**Work instructions:** Apart from the pictures, every line below is to be set down exactly.

Dataset records:
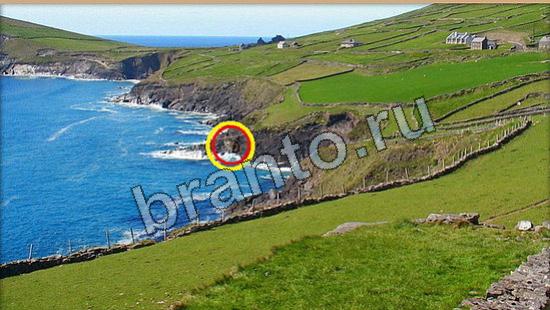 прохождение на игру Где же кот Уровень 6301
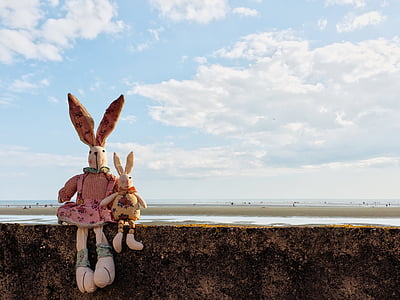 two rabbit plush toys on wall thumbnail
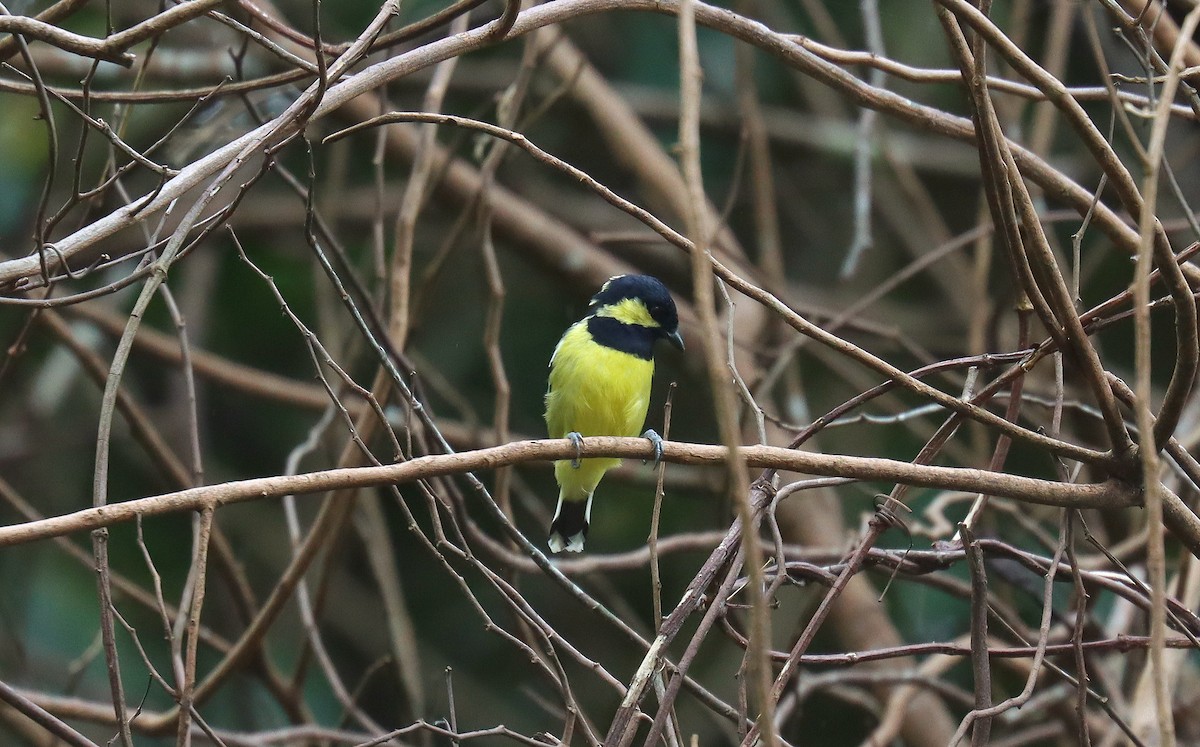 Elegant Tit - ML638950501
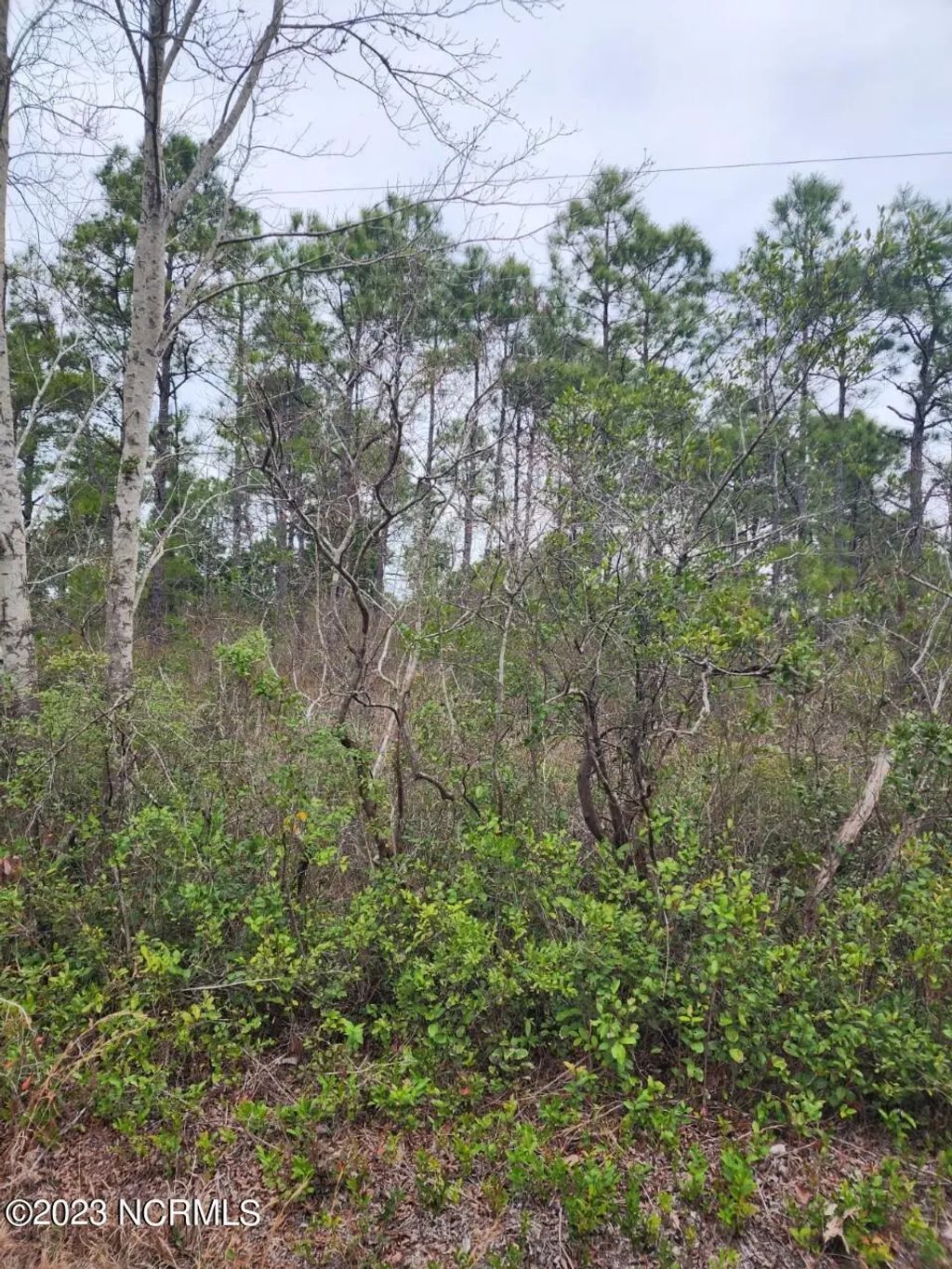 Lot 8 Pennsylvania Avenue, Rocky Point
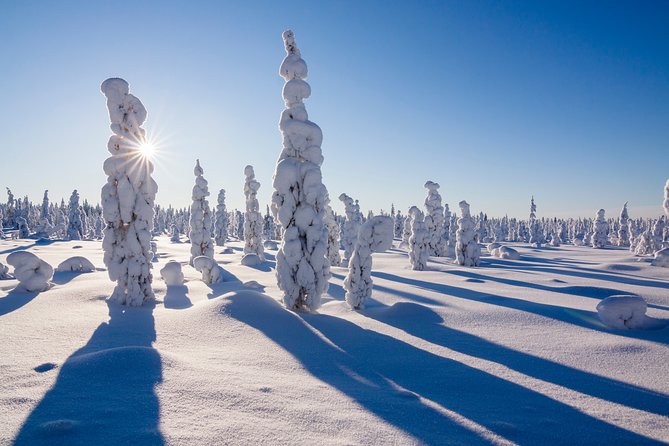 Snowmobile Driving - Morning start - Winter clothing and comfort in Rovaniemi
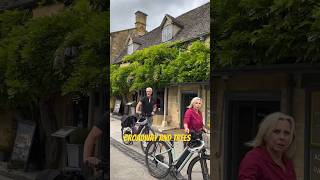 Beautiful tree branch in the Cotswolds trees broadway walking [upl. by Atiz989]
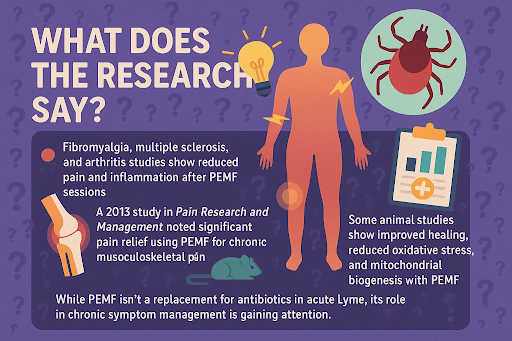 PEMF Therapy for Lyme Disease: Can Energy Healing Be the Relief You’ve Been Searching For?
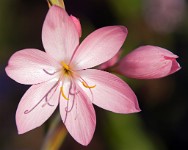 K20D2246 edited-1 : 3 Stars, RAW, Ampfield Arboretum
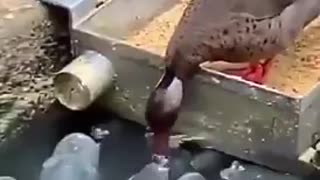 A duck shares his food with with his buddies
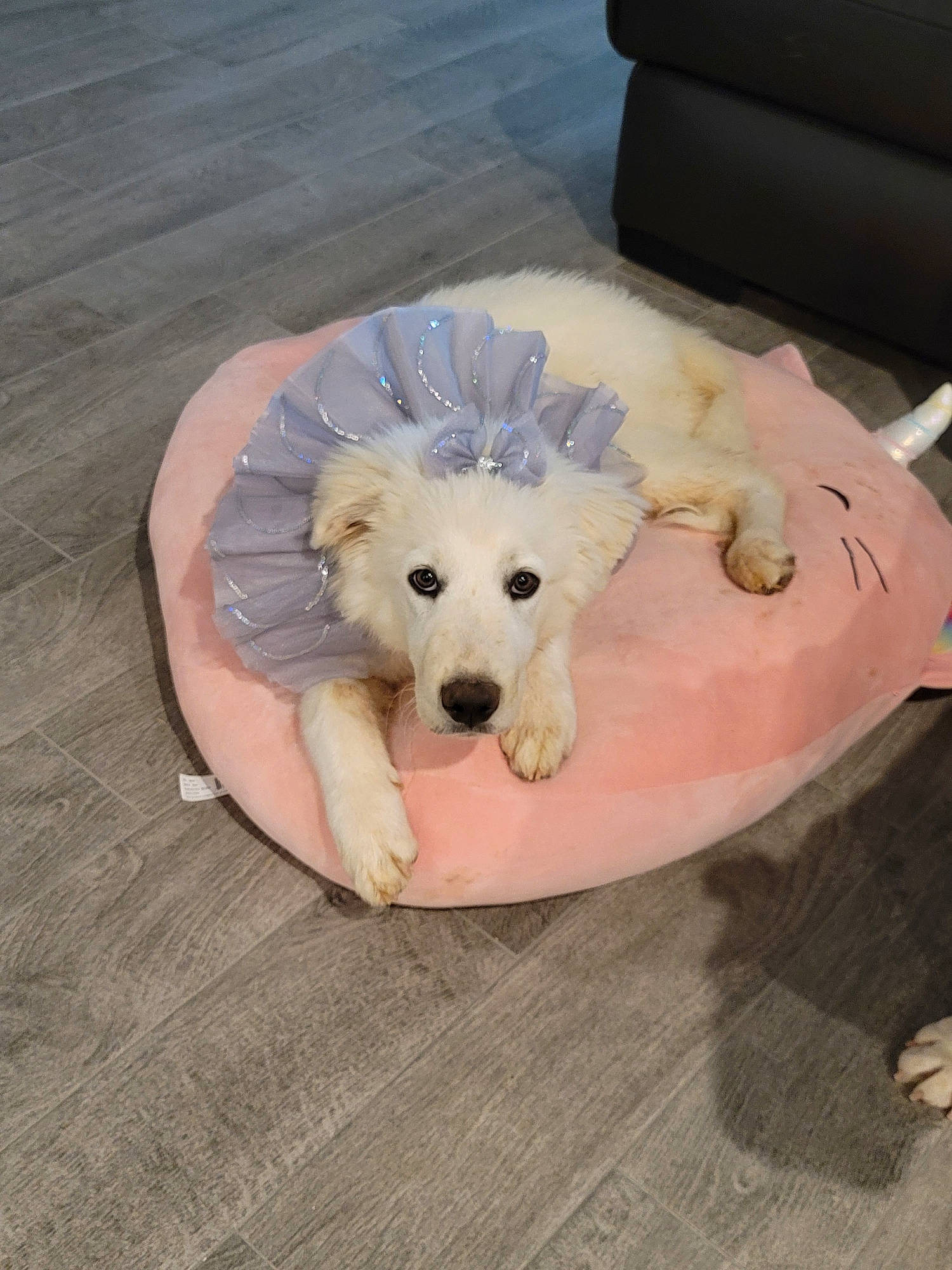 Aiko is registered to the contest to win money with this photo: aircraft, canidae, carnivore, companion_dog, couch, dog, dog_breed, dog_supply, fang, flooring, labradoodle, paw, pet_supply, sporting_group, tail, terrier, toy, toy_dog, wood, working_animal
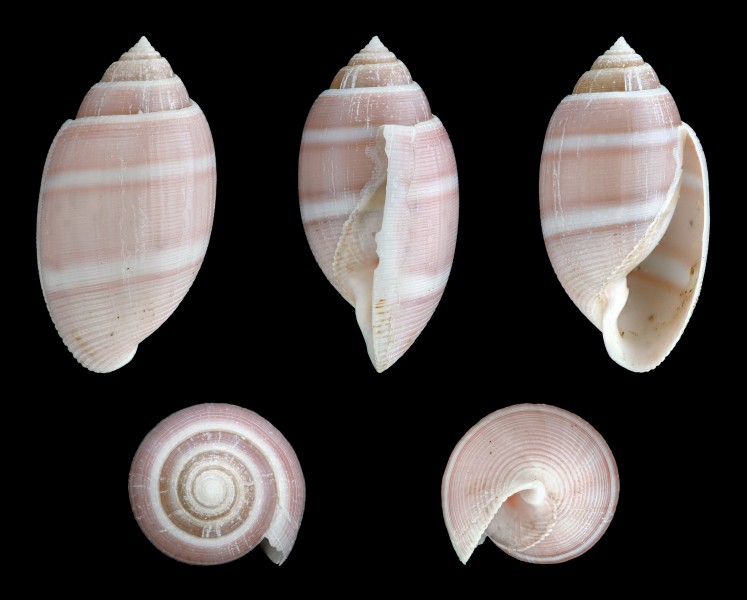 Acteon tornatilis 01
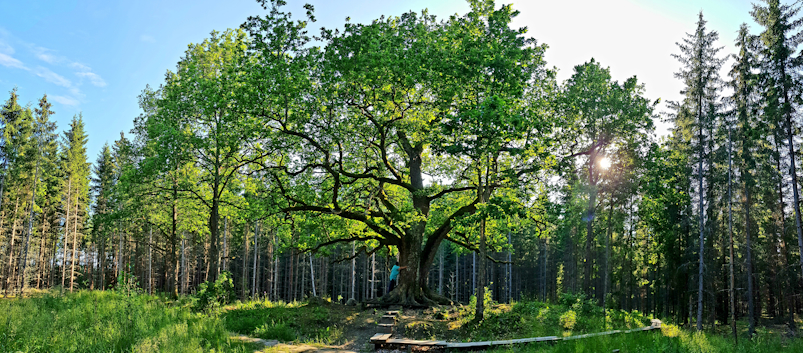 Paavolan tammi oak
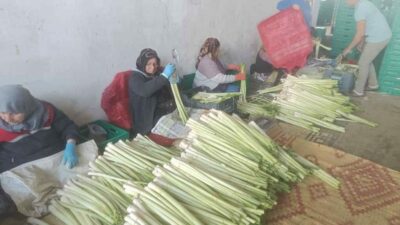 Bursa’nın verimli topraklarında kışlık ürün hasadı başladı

**Exercise response:**
 прохождение на игру Где же кот Уровень 6301
 two rabbit plush toys on wall thumbnail
 Elegant Tit - ML638950501
 Lot 8 Pennsylvania Avenue, Rocky Point
 Snowmobile Driving - Morning start - Winter clothing and comfort in Rovaniemi
 Beautiful tree branch in the Cotswolds trees broadway walking [upl. by Atiz989]
 PEMF Therapy for Lyme Disease: Can Energy Healing Be the Relief You’ve Been Searching For?
 K20D2246 edited-1 : 3 Stars, RAW, Ampfield Arboretum
 A duck shares his food with with his buddies
 Aiko is registered to the contest to win money with this photo: aircraft, canidae, carnivore, companion_dog, couch, dog, dog_breed, dog_supply, fang, flooring, labradoodle, paw, pet_supply, sporting_group, tail, terrier, toy, toy_dog, wood, working_animal
 Acteon tornatilis 01
 Paavolan tammi oak
 Bursa’nın verimli topraklarında kışlık ürün hasadı başladı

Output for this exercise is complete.